Brexit: ‘It will be my generation that will have to deal with it’

Irish people living in Britain tend to view the country as a mature democracy; yesterday they woke up wondering if that maturity had become senility.

In the Irish pubs around Covent Garden ex-pats were examining the 4% margin of victory that has delivered a body blow to an established way of life.

In London where the remain camp polled over 75% there is disbelief that the nation could betray the capital.

Outside Waxy O’Connors, off Leicester Square, Aisling McSwiggan from Galway and her work mates were in collective shock.

Ms McSwiggan, who has been in London for years, said she hadn’t met a single person who was voting in favour of Brexit.

“I have been working in London for years. Not a single person who I knew in my network was voting leave,” she said. “We are not celebrating, we are drowning our sorrows.” She put the out vote down to the economic problems in the North of England, which voted in favour of leaving the EU.

“I know things have been tough in northern England economically but I didn’t think it was this bad,” she said.

In the Porterhouse bar in Covent Garden, part of the Porterhouse group based in Dublin, Fiona Carey from Westmeath said she couldn’t believe the outcome of the vote.

“London is so diverse and full of foreign people that I just assumed that they would stay in,” she said.
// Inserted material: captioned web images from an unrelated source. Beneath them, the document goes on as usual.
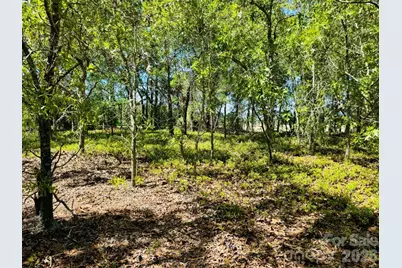 0000 Mt Olivet Church Road, Patrick, SC 29584 - Photo 25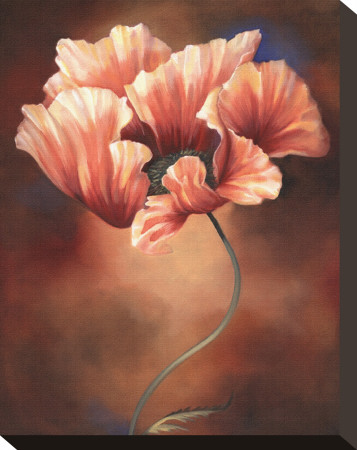 Poppy Ii by Louise Montillio Pricing Limited Edition Print image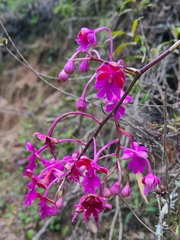 Epidendrum schweinfurthianum, photograph author not stated, no rights reserved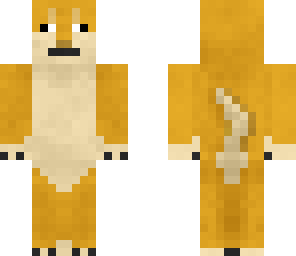 such doge very wow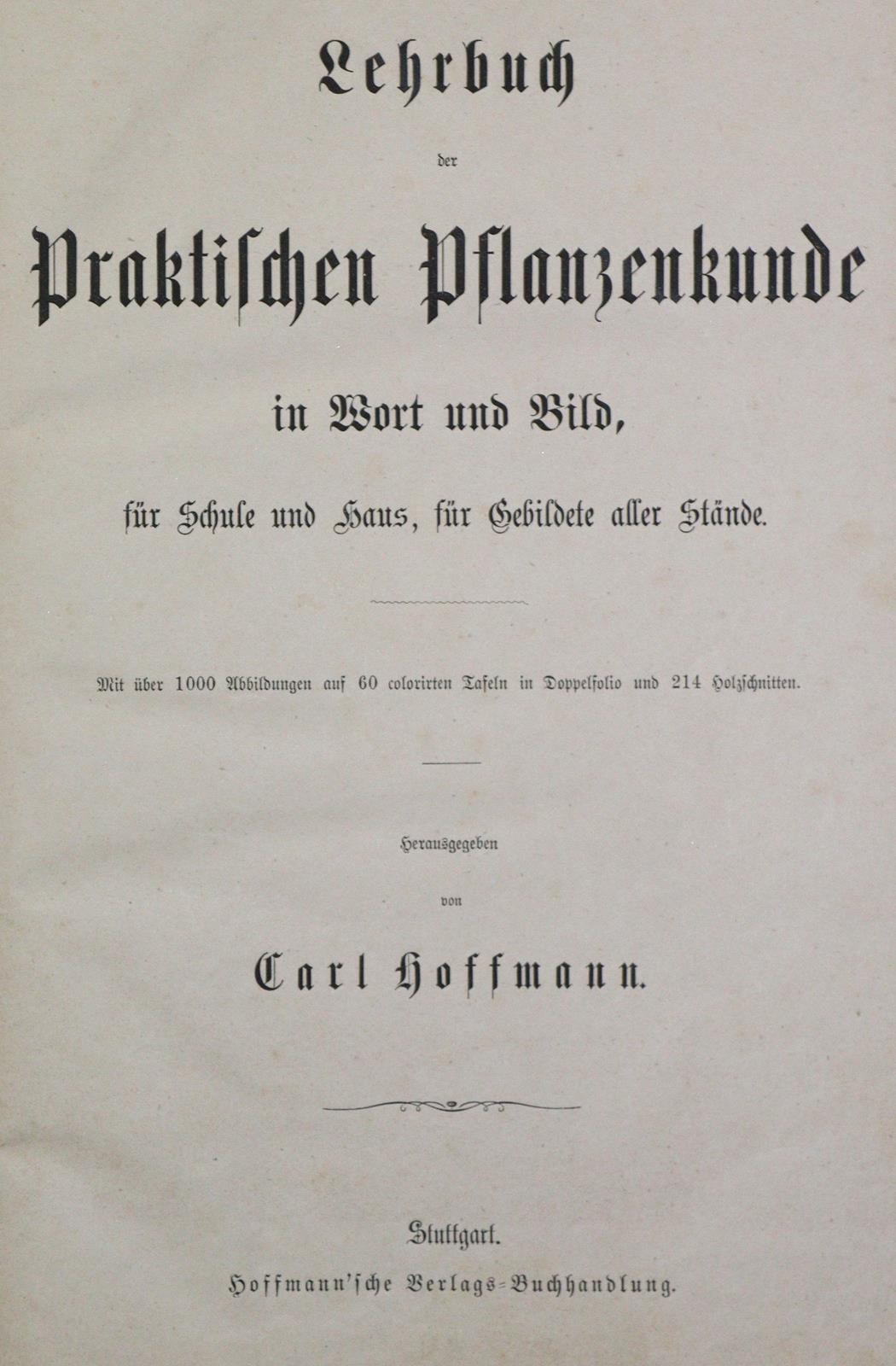 Hoffmann,C. | Bild Nr.4
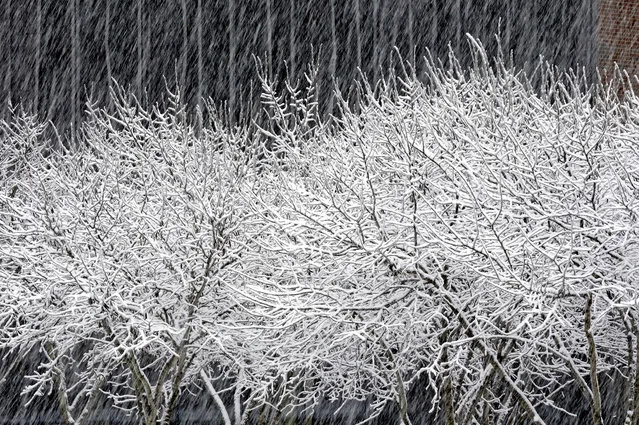 Snow falls and gathers on tree limbs in Chapel Hill, N.C. (Photo by Gerry Broome/Associated Press)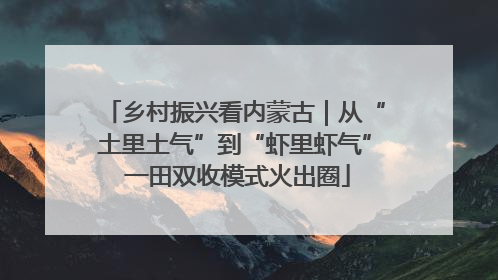 乡村振兴看内蒙古｜从“土里土气”到“虾里虾气” 一田双收模式火出圈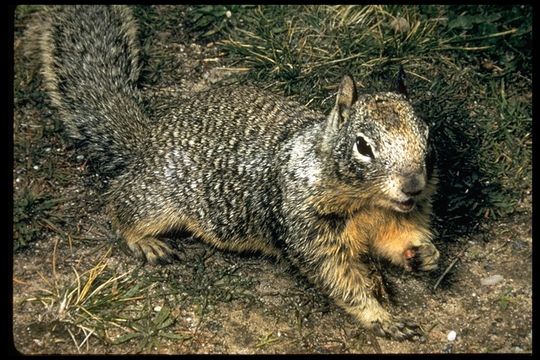 Image of California ground squirrel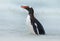 Gentoo penguin, water sea bird jumps out of the blue water while swimming through the ocean in Falkland Island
The result of the Brexit vote is already playing into people’s plans for the summer.

Ms Carey said one of her friends who was planning to come over to London to work for the summer, was now reconsidering where to go in search of work.

“My friend is reconsidering coming to the UK because it is leaving the EU,” she said.
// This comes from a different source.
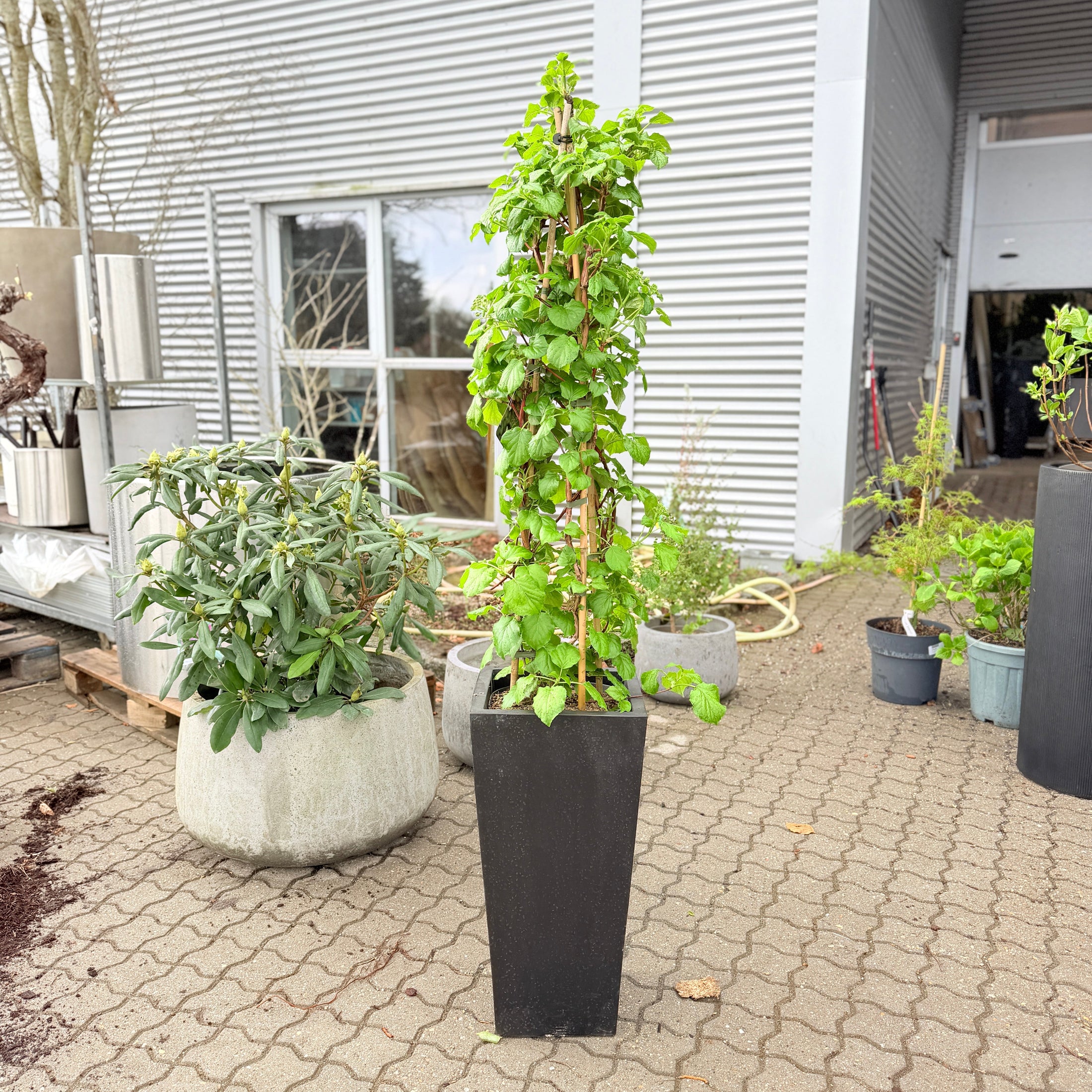 Second Hand Klatrehortensia – Hydrangea petiolaris 160 cm fra Århus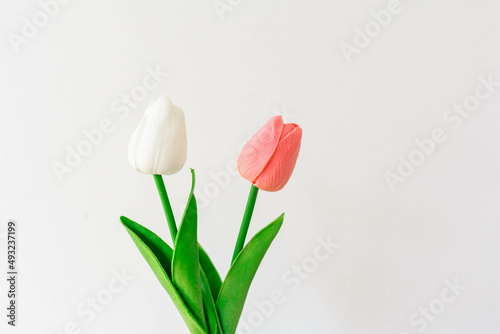 Fototapeta Naklejka Na Ścianę i Meble -  Tulips flower  on white background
Back upstairs in Waxy O’Connors the Watson family from Belfast are split down the middle. Chris Watson, who has been working for Sainsbury’s in London for the last year-and-a-half, said he voted to leave the EU.
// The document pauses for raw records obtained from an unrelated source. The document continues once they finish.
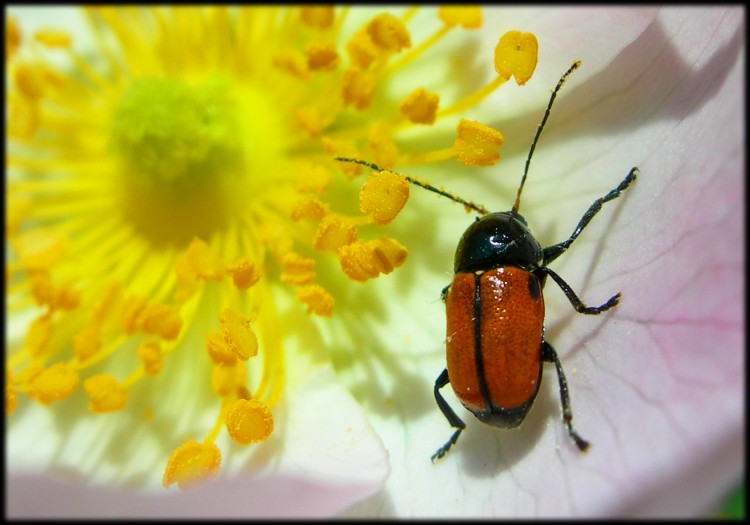 Fonds d'cran Animaux Insectes - Divers Wallpaper N141005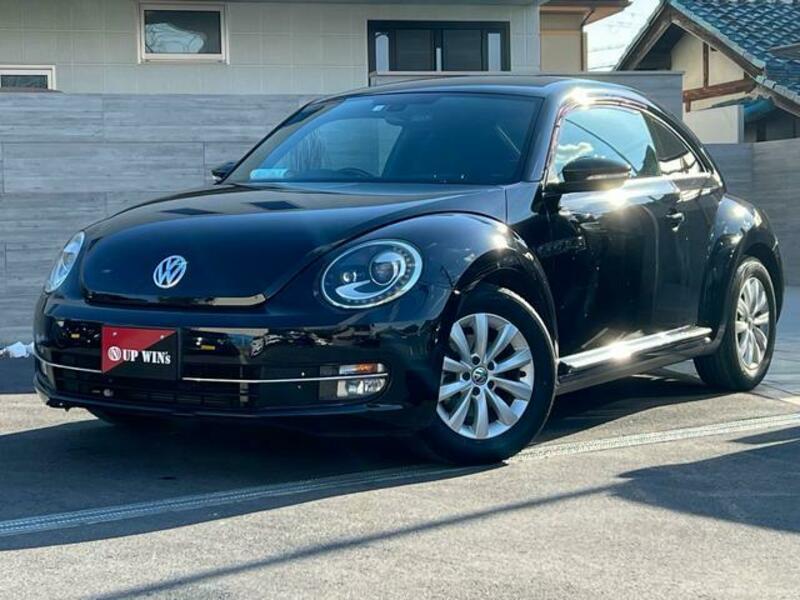 THE BEETLE
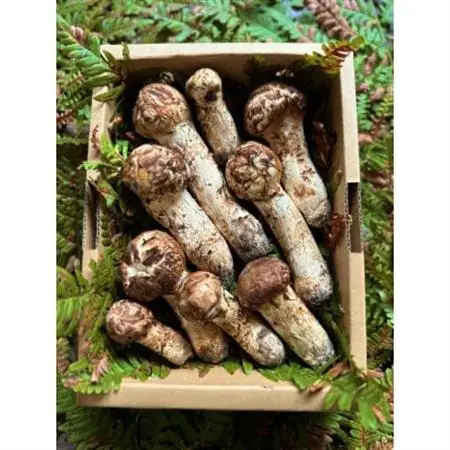 【2026秋発送】産地直送　岩手県岩泉町産まつたけ　ご家庭用不揃いセット500g_野菜 松茸 きのこ まつたけ マツタケ_【配送不可地域：離島】【1414088】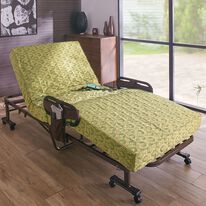 「組立不要マットが選べる電動ベッド（ベッド）」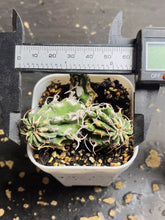 Load image into Gallery viewer, Euphorbia columnaris
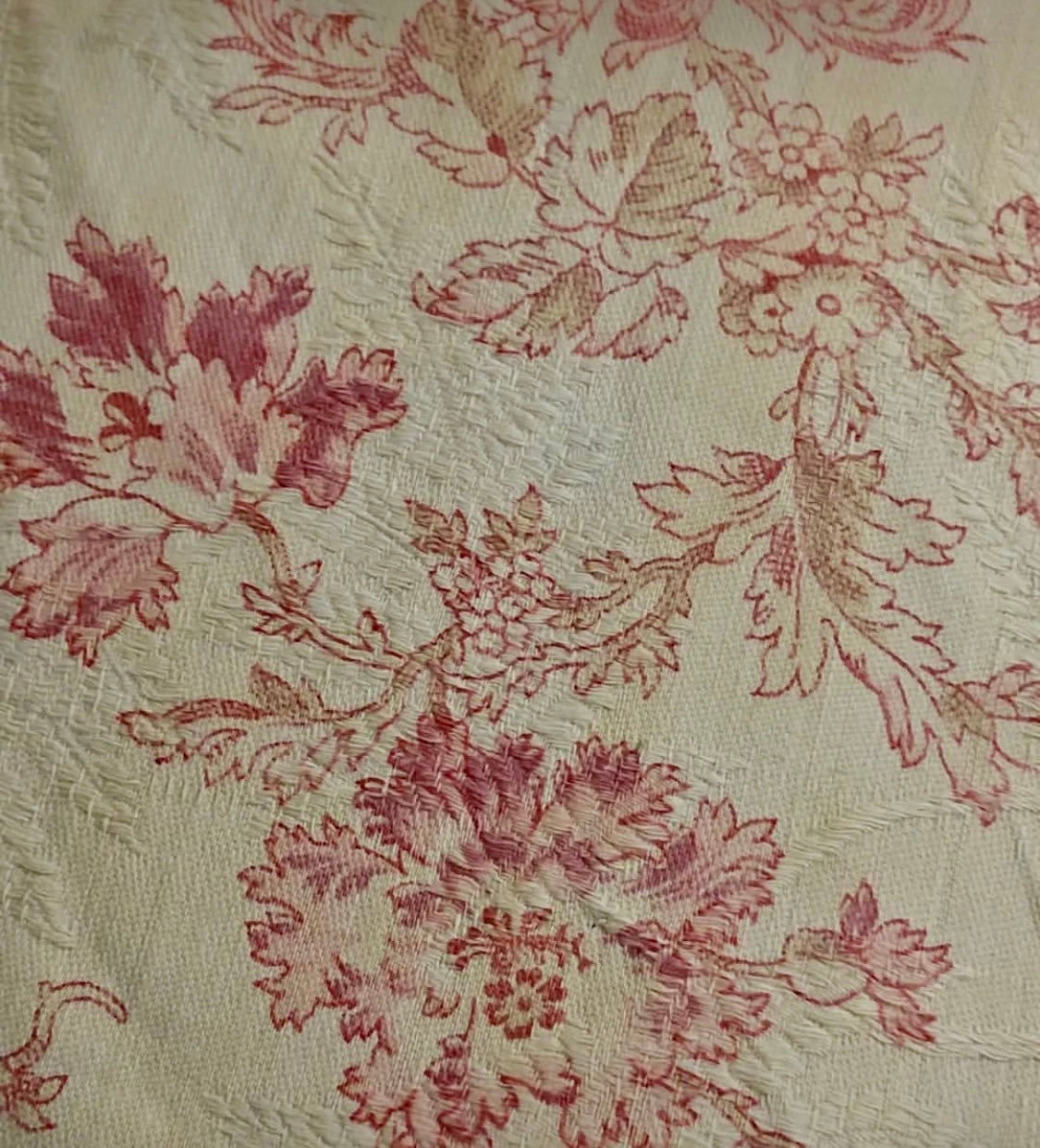 Antique 1880s French Printed Cotton *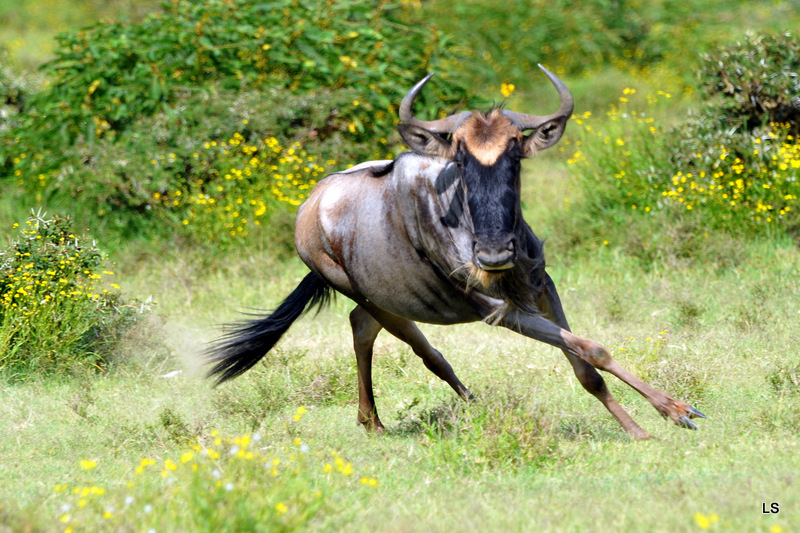 Gnou/Wildebeest (8)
Immigration and Brussels bureaucracy were what pushed him towards Brexit.

“You can spend a whole year negotiating with suppliers to get contracts only for legislation to be changed and you have to renegotiate everything,” he said.

Chris’s father Mark Watson also voted to leave. He said there are a huge number of immigrants who contribute nothing to the economy. He is hoping that the UK can implement an Australian style points system to slow the flow of people into the country.

However Ben Watson voted in favour of remaining in the EU.

As another round of drinks arrived he argued that it was OK for his parents to vote leave as they were approaching the end of their careers and wouldn’t have to deal with the uncertainty that Brexit brings about.

“I think that the EU will introduce trade tariffs and make an example out of the UK,” he said “It will be my generation who will have to deal with it.”